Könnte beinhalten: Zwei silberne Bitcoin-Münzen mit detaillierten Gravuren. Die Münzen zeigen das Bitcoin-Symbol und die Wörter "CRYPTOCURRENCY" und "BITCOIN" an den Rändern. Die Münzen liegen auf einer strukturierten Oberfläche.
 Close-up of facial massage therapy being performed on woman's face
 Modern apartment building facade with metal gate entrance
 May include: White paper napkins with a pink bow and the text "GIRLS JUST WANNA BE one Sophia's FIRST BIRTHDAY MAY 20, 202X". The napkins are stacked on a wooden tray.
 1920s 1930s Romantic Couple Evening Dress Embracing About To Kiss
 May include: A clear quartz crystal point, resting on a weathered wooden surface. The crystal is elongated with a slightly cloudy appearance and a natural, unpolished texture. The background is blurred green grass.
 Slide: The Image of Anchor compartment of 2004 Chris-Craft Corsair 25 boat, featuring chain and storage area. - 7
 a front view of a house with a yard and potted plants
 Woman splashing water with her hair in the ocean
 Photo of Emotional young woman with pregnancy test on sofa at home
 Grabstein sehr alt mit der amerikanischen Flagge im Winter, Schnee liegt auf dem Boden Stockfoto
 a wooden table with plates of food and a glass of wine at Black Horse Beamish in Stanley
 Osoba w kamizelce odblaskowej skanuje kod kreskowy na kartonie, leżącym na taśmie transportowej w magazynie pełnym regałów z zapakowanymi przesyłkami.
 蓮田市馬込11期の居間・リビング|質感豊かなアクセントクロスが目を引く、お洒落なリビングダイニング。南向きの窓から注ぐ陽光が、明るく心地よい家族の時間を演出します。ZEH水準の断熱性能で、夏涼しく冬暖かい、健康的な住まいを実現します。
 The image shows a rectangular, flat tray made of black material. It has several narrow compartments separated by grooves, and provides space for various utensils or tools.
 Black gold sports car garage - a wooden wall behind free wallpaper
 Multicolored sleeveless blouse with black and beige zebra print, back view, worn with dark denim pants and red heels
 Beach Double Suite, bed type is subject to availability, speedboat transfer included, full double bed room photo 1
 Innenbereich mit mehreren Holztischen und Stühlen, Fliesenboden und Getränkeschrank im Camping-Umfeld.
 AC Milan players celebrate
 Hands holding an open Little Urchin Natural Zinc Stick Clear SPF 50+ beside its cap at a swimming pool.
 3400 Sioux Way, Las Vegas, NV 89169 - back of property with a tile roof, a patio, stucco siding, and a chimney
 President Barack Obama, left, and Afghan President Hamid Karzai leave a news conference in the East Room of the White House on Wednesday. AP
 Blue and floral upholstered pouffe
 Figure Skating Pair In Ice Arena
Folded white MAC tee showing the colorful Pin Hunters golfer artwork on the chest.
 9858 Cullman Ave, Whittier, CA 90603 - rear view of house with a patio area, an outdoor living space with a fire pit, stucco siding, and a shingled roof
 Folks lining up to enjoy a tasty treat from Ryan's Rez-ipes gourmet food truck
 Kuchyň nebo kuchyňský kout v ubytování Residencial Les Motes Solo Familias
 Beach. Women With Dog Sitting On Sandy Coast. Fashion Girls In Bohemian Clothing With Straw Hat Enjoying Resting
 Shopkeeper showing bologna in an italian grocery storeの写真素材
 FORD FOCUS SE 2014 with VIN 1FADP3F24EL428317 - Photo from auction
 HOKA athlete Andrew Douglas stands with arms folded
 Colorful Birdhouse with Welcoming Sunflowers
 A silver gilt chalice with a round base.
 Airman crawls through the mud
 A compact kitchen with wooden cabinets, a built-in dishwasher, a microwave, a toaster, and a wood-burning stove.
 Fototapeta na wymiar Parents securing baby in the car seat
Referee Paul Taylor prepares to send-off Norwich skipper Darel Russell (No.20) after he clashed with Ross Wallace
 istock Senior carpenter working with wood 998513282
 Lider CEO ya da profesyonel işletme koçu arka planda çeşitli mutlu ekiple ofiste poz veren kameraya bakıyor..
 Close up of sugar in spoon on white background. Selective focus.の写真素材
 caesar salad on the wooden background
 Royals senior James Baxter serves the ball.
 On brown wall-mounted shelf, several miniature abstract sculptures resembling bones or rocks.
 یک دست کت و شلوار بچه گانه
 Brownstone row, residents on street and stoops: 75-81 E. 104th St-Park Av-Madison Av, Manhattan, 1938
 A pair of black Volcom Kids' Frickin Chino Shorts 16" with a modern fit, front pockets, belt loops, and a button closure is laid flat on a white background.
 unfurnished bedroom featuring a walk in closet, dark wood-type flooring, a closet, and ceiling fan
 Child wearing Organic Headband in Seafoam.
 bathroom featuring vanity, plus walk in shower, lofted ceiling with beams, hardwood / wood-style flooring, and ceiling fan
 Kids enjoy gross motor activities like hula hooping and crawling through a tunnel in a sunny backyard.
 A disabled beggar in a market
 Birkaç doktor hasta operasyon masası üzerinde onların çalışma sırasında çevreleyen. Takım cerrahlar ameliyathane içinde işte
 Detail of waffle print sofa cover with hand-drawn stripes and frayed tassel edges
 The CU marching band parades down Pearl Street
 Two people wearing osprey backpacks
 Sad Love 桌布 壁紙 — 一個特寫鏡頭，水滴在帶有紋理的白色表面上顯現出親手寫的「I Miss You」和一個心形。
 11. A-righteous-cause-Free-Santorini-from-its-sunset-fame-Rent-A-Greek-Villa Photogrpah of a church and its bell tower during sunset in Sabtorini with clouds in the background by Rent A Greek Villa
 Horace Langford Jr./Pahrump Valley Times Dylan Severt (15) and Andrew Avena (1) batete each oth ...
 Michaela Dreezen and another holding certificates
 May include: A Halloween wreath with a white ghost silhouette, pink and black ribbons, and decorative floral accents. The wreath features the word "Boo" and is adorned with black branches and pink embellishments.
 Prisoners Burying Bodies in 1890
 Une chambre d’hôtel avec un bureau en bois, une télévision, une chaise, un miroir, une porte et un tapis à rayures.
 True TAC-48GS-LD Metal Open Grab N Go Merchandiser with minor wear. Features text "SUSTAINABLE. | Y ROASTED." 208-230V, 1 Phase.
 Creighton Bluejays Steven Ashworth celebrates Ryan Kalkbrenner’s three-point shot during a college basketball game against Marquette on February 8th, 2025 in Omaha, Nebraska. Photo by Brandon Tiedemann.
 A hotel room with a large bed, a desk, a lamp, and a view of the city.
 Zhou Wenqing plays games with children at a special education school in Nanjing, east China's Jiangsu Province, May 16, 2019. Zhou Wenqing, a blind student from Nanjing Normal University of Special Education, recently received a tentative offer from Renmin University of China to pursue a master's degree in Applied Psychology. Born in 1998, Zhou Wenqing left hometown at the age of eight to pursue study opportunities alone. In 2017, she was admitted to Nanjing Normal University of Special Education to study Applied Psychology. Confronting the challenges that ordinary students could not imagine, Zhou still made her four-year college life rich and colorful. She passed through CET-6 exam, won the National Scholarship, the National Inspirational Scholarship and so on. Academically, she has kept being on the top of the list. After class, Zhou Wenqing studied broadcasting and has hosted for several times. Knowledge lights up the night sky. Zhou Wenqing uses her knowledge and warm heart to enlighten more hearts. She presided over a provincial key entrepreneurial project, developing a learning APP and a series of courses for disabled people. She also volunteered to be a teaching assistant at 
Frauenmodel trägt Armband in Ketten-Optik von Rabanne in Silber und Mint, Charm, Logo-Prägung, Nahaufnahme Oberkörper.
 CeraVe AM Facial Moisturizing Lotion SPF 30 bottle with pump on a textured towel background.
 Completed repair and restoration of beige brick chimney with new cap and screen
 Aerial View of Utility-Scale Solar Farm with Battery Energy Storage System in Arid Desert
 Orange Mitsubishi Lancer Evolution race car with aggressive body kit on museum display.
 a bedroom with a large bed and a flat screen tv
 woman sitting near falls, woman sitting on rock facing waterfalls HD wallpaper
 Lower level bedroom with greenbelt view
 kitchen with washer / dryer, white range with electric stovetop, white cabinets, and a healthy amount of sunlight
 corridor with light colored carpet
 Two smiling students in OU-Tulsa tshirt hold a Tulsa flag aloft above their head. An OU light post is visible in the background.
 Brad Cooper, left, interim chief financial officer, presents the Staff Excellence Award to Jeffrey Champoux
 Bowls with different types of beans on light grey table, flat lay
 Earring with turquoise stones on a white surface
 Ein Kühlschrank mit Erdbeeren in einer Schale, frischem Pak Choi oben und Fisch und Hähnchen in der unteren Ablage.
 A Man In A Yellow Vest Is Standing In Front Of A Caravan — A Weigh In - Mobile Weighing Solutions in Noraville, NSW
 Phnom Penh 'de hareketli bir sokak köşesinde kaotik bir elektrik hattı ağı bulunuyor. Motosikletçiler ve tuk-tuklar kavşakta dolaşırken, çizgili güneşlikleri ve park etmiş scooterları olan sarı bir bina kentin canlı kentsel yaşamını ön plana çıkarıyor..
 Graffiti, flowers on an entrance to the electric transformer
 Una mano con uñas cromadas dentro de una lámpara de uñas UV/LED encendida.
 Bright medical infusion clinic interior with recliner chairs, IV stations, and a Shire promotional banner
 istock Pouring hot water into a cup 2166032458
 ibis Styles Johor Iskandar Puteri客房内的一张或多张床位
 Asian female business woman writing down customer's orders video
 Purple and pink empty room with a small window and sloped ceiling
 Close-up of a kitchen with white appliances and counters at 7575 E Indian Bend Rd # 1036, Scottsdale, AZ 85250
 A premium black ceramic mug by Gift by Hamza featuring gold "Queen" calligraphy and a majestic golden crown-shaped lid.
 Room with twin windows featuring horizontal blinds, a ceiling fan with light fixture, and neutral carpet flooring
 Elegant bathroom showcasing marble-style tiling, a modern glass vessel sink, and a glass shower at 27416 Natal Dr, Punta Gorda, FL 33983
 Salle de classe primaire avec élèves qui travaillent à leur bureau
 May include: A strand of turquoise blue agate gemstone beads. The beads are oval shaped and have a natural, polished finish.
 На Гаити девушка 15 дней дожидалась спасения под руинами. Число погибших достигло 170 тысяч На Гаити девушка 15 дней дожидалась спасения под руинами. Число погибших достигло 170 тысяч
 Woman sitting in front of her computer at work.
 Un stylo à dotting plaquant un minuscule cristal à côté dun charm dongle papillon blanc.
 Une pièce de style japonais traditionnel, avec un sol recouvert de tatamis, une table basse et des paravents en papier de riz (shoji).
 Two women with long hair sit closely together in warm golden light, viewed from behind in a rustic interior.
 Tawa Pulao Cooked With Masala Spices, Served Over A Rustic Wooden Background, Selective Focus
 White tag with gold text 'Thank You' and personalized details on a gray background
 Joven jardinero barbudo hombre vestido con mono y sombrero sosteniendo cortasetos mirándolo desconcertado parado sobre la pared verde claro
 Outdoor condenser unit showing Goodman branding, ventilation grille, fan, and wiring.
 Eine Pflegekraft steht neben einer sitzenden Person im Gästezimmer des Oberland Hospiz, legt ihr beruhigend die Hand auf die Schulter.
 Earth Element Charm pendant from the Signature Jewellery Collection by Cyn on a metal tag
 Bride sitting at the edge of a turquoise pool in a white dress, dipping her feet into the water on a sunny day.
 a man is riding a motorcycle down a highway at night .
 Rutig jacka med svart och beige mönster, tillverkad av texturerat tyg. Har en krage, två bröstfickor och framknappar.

━━━

> Assignment: Emit, unaltered, the lines from the top of the listing down through the line that holds "1920s 1930s Romantic"; emit nothing else.

> Result:
Könnte beinhalten: Zwei silberne Bitcoin-Münzen mit detaillierten Gravuren. Die Münzen zeigen das Bitcoin-Symbol und die Wörter "CRYPTOCURRENCY" und "BITCOIN" an den Rändern. Die Münzen liegen auf einer strukturierten Oberfläche.
 Close-up of facial massage therapy being performed on woman's face
 Modern apartment building facade with metal gate entrance
 May include: White paper napkins with a pink bow and the text "GIRLS JUST WANNA BE one Sophia's FIRST BIRTHDAY MAY 20, 202X". The napkins are stacked on a wooden tray.
 1920s 1930s Romantic Couple Evening Dress Embracing About To Kiss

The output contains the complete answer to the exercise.